What is needed: Output nothing but the lines from the first line of the listing below through the line containing "office with light", printed exactly and free of pictures.

[Records for processing Boundary: Start]

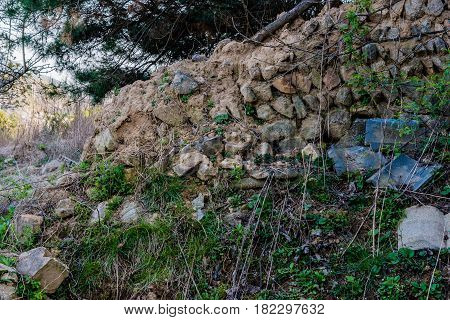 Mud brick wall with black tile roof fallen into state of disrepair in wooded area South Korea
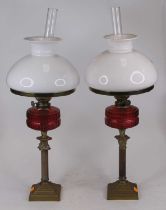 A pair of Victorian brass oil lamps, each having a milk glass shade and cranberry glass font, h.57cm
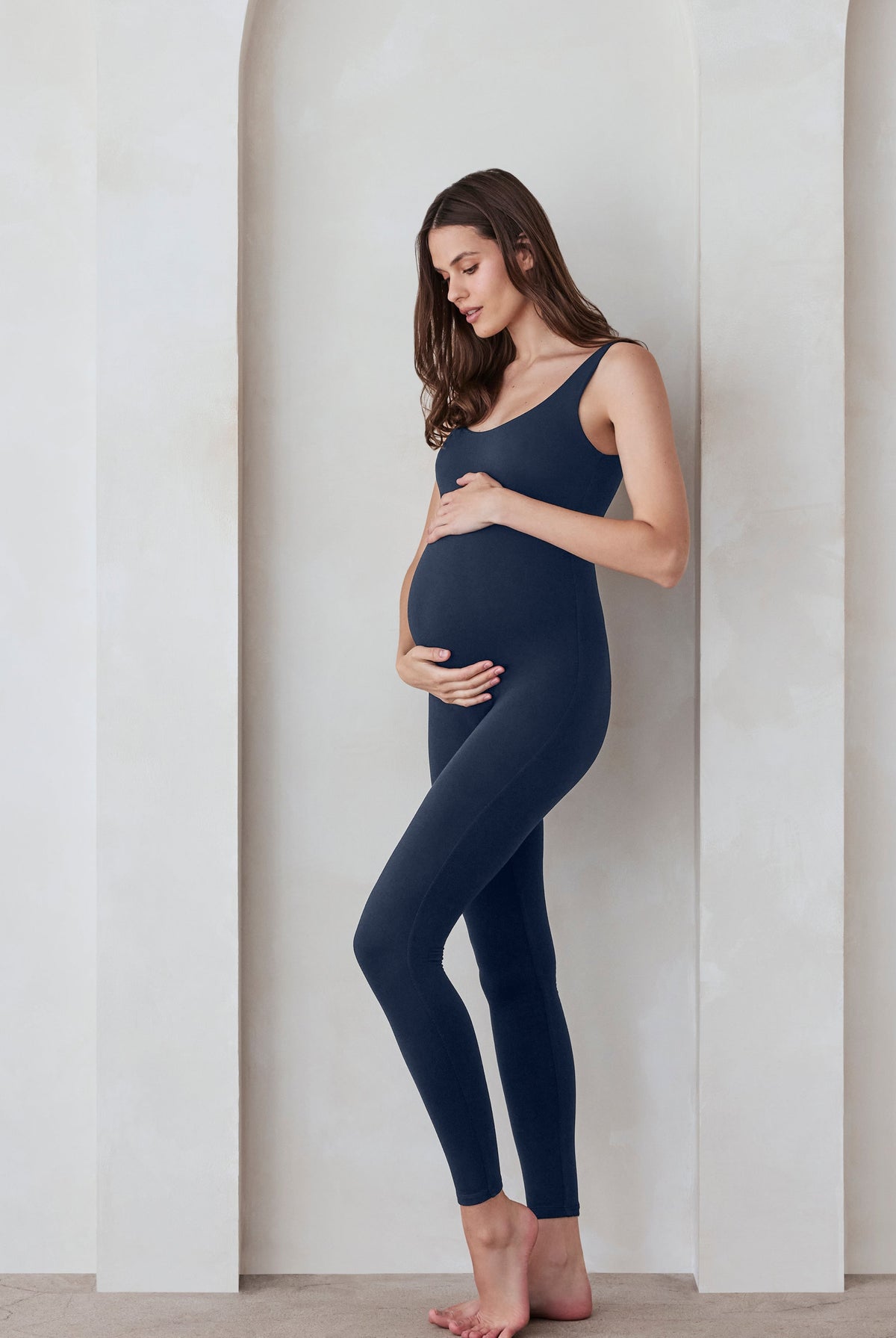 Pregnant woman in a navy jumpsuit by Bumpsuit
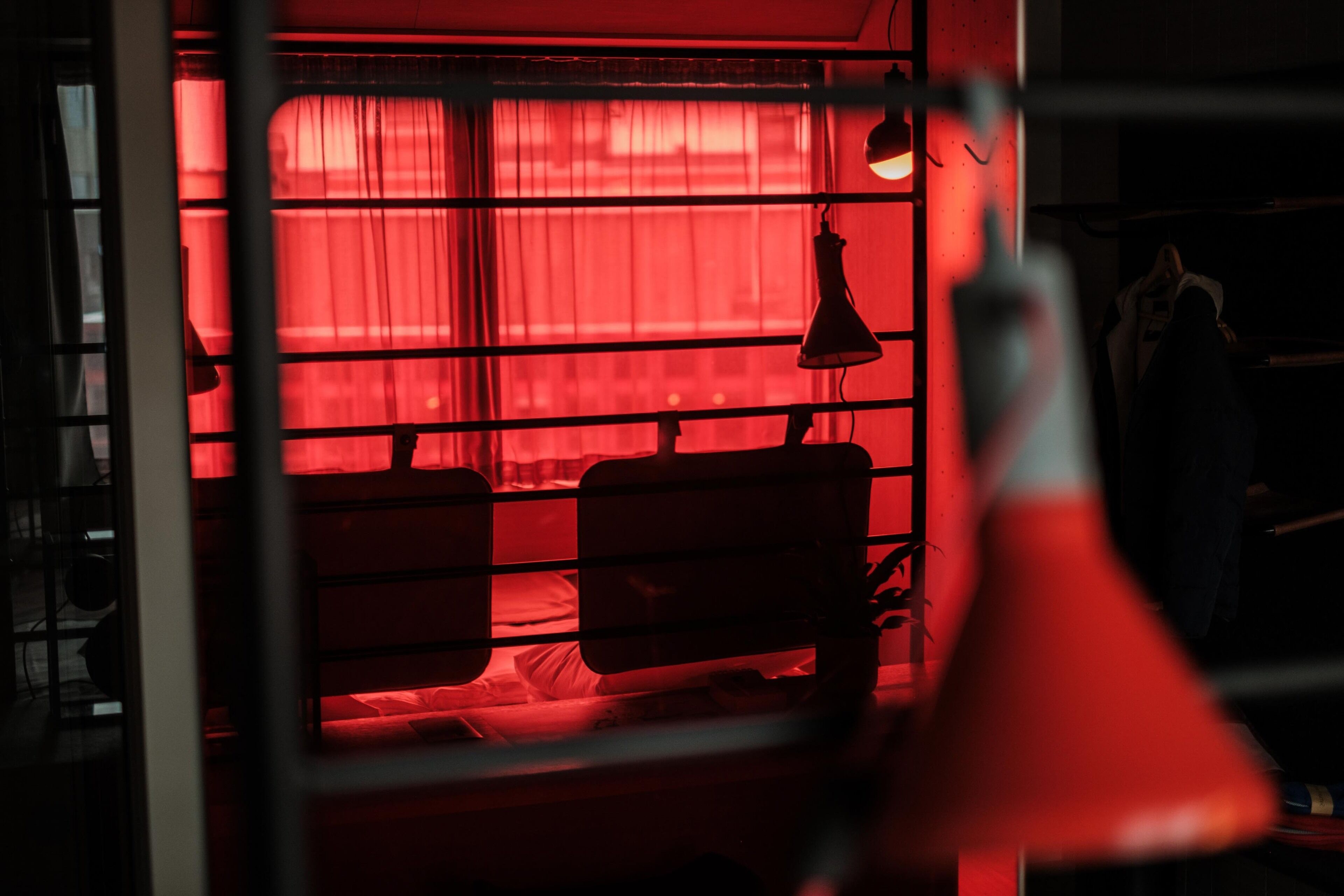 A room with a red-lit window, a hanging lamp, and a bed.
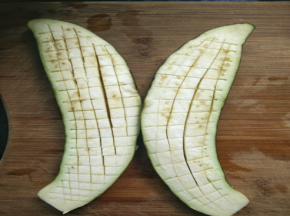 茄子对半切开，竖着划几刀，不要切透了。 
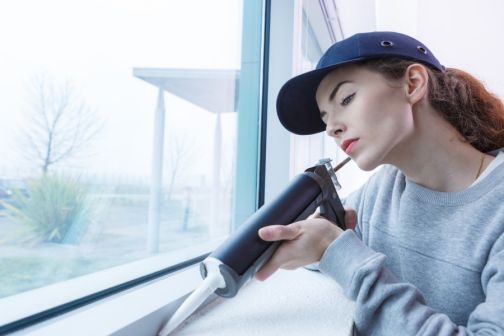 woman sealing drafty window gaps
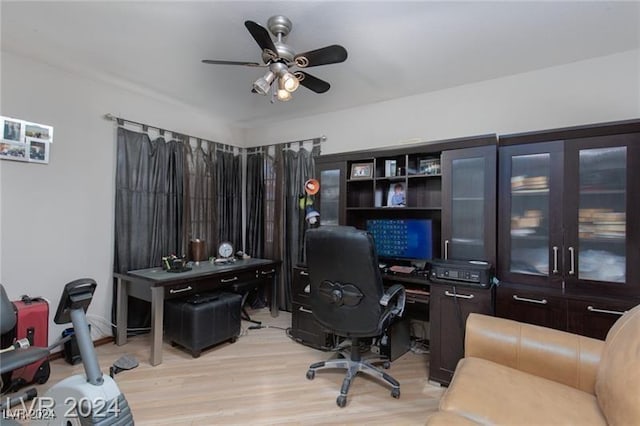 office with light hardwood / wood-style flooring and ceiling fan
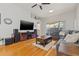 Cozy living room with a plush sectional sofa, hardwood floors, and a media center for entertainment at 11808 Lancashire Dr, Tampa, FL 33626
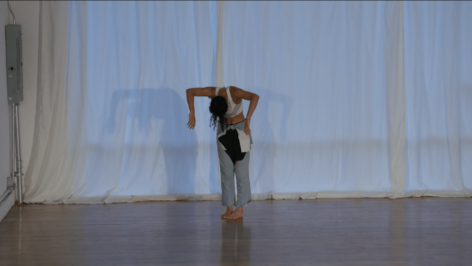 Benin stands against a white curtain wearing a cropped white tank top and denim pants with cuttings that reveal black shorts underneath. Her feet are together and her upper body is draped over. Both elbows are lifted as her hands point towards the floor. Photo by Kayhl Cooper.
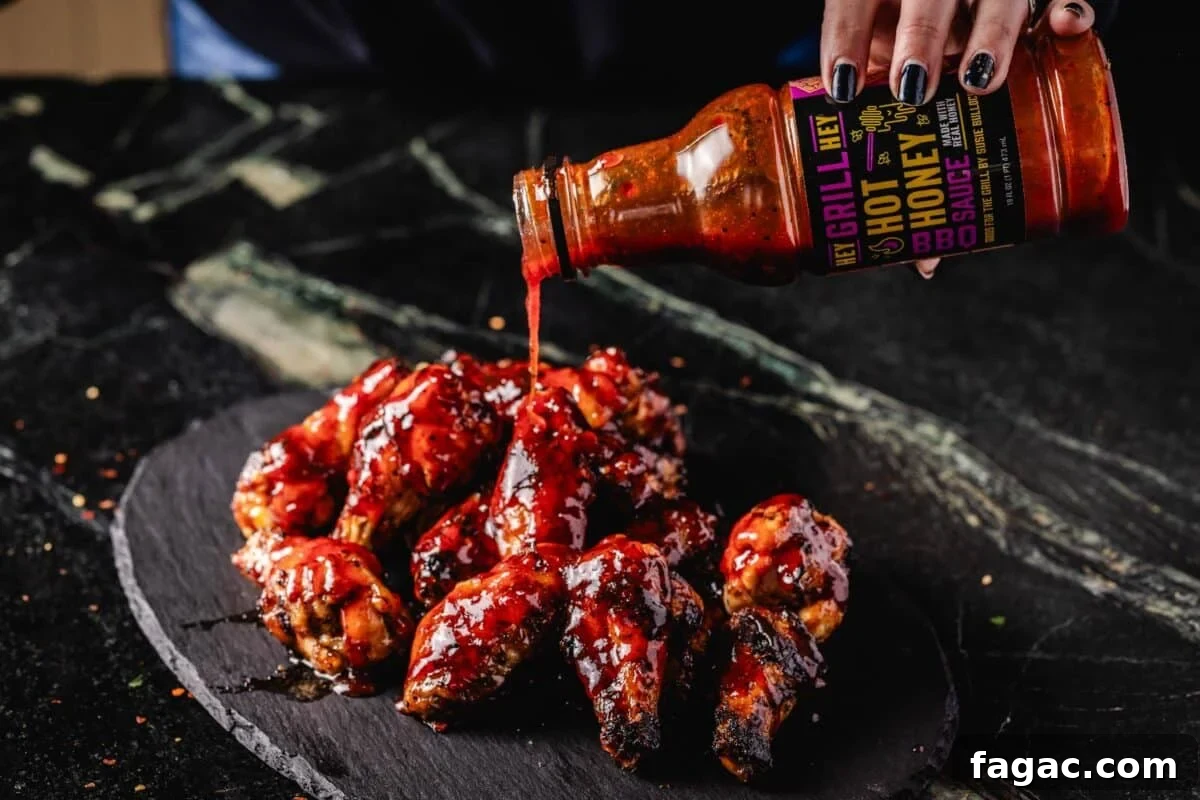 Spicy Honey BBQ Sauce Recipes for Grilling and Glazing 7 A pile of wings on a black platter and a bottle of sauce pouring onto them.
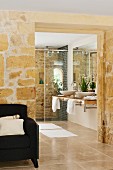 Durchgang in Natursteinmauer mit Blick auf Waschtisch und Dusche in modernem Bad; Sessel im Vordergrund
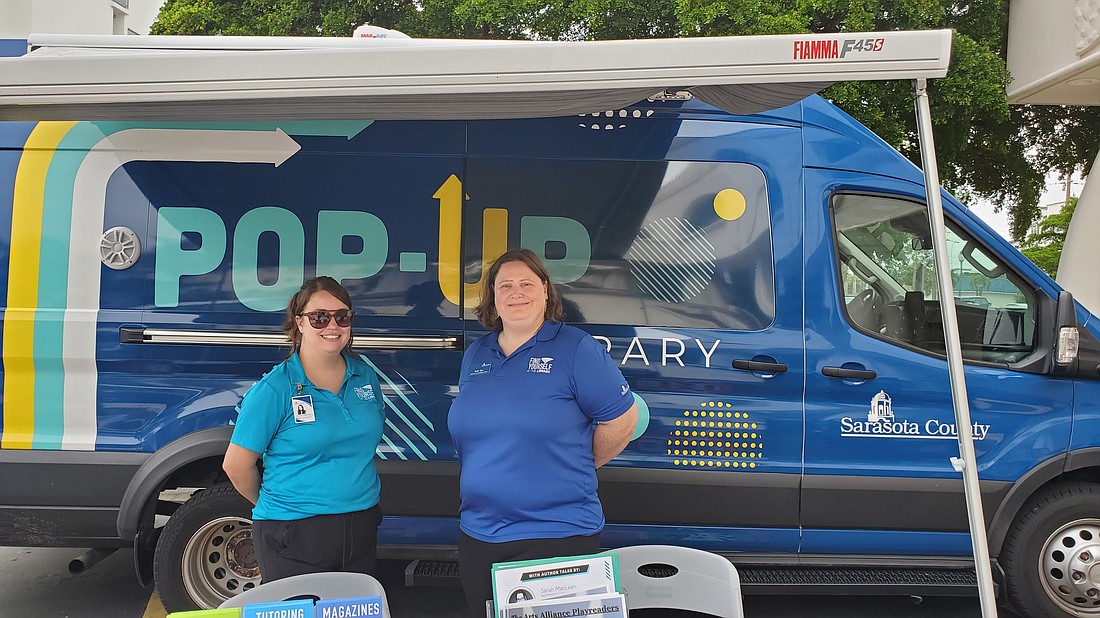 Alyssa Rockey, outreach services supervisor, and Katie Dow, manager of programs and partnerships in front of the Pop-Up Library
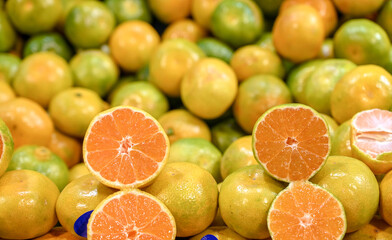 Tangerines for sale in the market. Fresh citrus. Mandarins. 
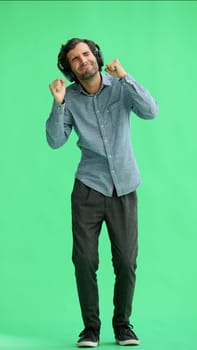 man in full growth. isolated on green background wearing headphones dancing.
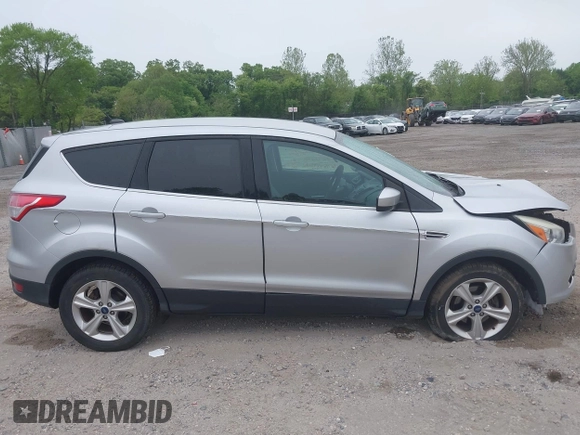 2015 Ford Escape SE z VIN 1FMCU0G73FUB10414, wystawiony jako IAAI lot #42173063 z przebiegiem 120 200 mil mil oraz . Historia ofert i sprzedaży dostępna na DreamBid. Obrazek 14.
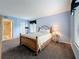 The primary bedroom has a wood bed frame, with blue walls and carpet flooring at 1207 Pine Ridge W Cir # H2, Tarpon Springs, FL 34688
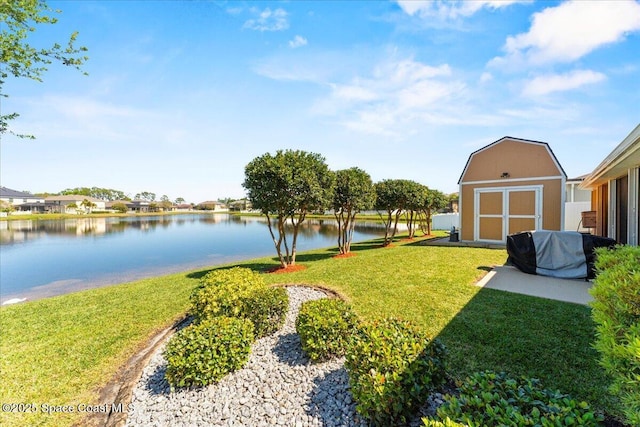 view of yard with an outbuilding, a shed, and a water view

[Records for processing Boundary: End]

Solution to the exercise:
 Mud brick wall with black tile roof fallen into state of disrepair in wooded area South Korea
 A pair of Victorian brass oil lamps, each having a milk glass shade and cranberry glass font, h.57cm
 Pregnant woman in a navy jumpsuit by Bumpsuit
 A room with a red-lit window, a hanging lamp, and a bed.
 茄子对半切开，竖着划几刀，不要切透了。 
 woman sealing drafty window gaps
 office with light hardwood / wood-style flooring and ceiling fan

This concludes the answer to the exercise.